■ Extracted material ■
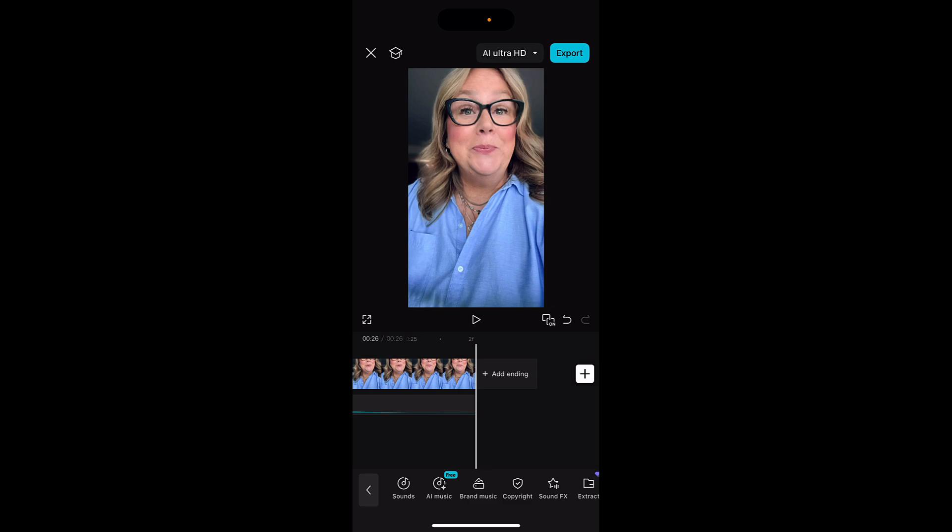That's how you can get rid of silences in any of your videos, extract the audio, zoom in, get rid of your silences and just use the split feature. All right. I hope you're having an amazing day. Cheers.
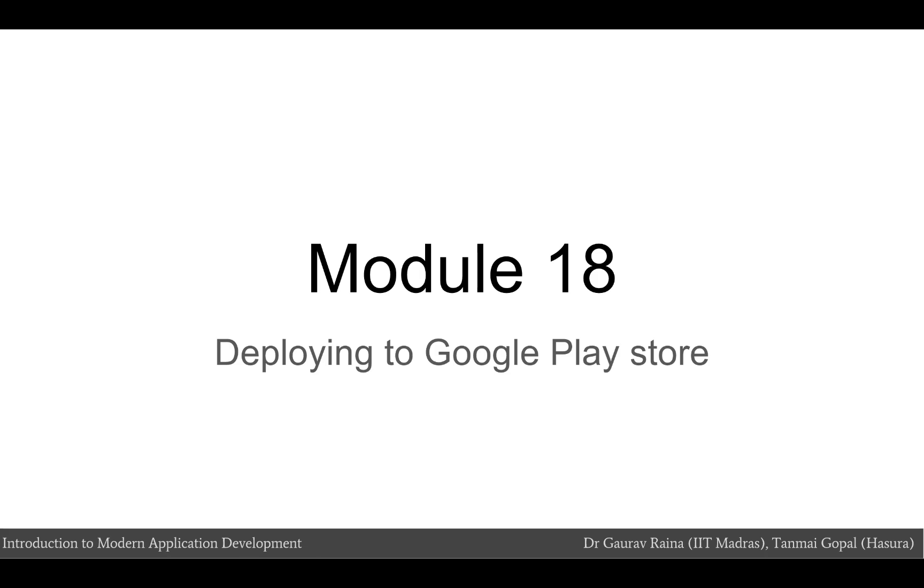Welcome to module 18. In this module we're going to be deploying the app that we created in the previous module to the Google Play Store.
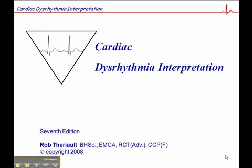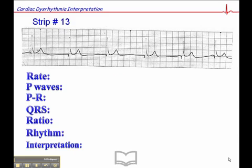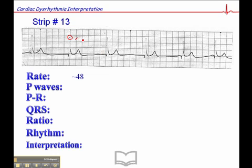We're on ECG exercise number 13 on page 91. Starting with heart rate — it's approximately 48. Mapping it out, there's a QRS that falls on a dark line. The heart rate markers are 300, 150, 100, 75, 60, 50, and 43. This falls just shy of 50, so 48 sounds reasonable.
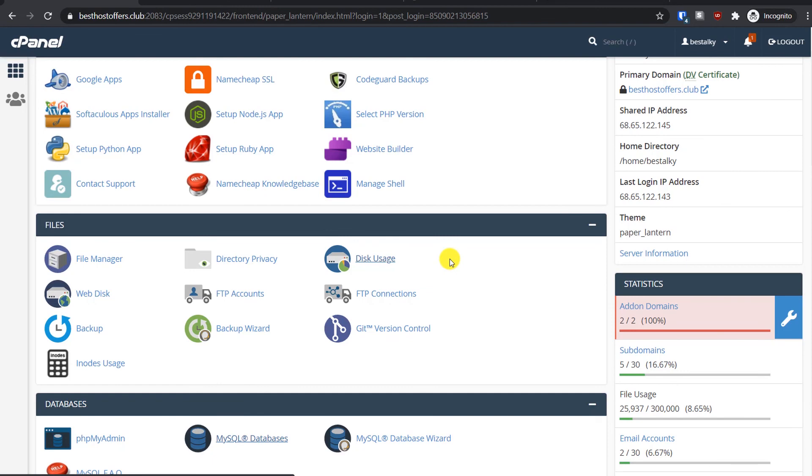If you want to learn more about cPanel, I have a series about cPanel tutorials. You can watch them also. I will put a link in the description and they should be visible on your screen right now.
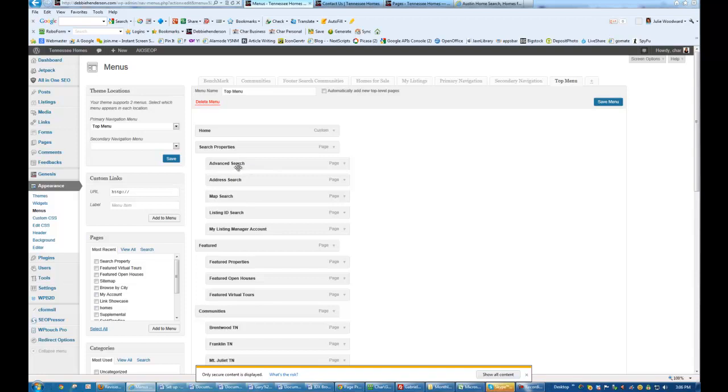But that's it. That's how you do that. So that's how you're going to organize the pages in the back end of WordPress to make sure that it's easier to navigate.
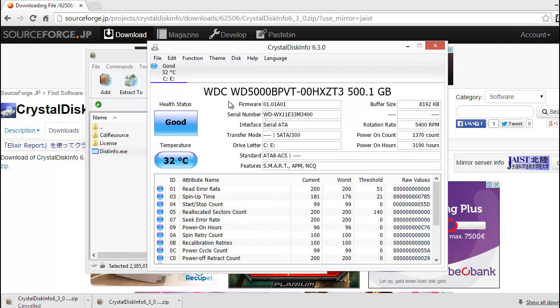What's my hard disk? I hope that you enjoyed this video. Thank you.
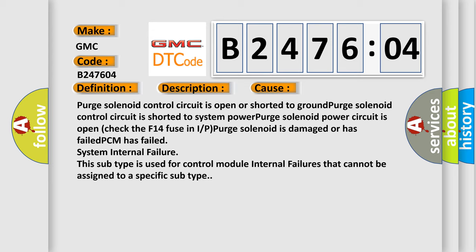Purge solenoid is damaged or has failed. PCM has failed system internal failure. This subtype is used for control module internal failures that cannot be assigned to a specific subtype.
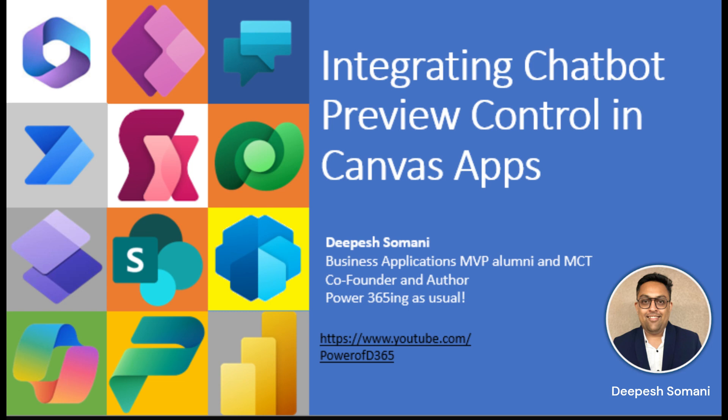Hey, Namaste from Deepesh. Welcome to my video series of Microsoft Co-Pilot.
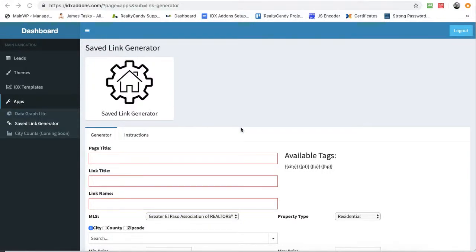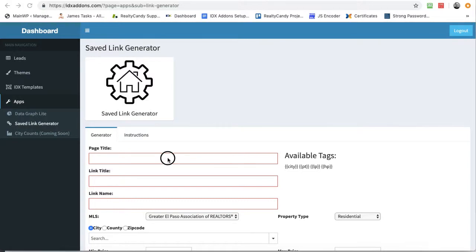One of the apps on our new IDX add-ons tools is the Save Link Generator. This is great for creating a series of saved links. We have some clients who really feel like this helps them a lot with Google Juice.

■ Try it ■
All records above are to be output verbatim, with their pictures omitted.

■ Task response ■
That's how you can get rid of silences in any of your videos, extract the audio, zoom in, get rid of your silences and just use the split feature. All right. I hope you're having an amazing day. Cheers.
Welcome to module 18. In this module we're going to be deploying the app that we created in the previous module to the Google Play Store.
We're on ECG exercise number 13 on page 91. Starting with heart rate — it's approximately 48. Mapping it out, there's a QRS that falls on a dark line. The heart rate markers are 300, 150, 100, 75, 60, 50, and 43. This falls just shy of 50, so 48 sounds reasonable.
If you want to learn more about cPanel, I have a series about cPanel tutorials. You can watch them also. I will put a link in the description and they should be visible on your screen right now.
But that's it. That's how you do that. So that's how you're going to organize the pages in the back end of WordPress to make sure that it's easier to navigate.
What's my hard disk? I hope that you enjoyed this video. Thank you.
Purge solenoid is damaged or has failed. PCM has failed system internal failure. This subtype is used for control module internal failures that cannot be assigned to a specific subtype.
Hey, Namaste from Deepesh. Welcome to my video series of Microsoft Co-Pilot.
One of the apps on our new IDX add-ons tools is the Save Link Generator. This is great for creating a series of saved links. We have some clients who really feel like this helps them a lot with Google Juice.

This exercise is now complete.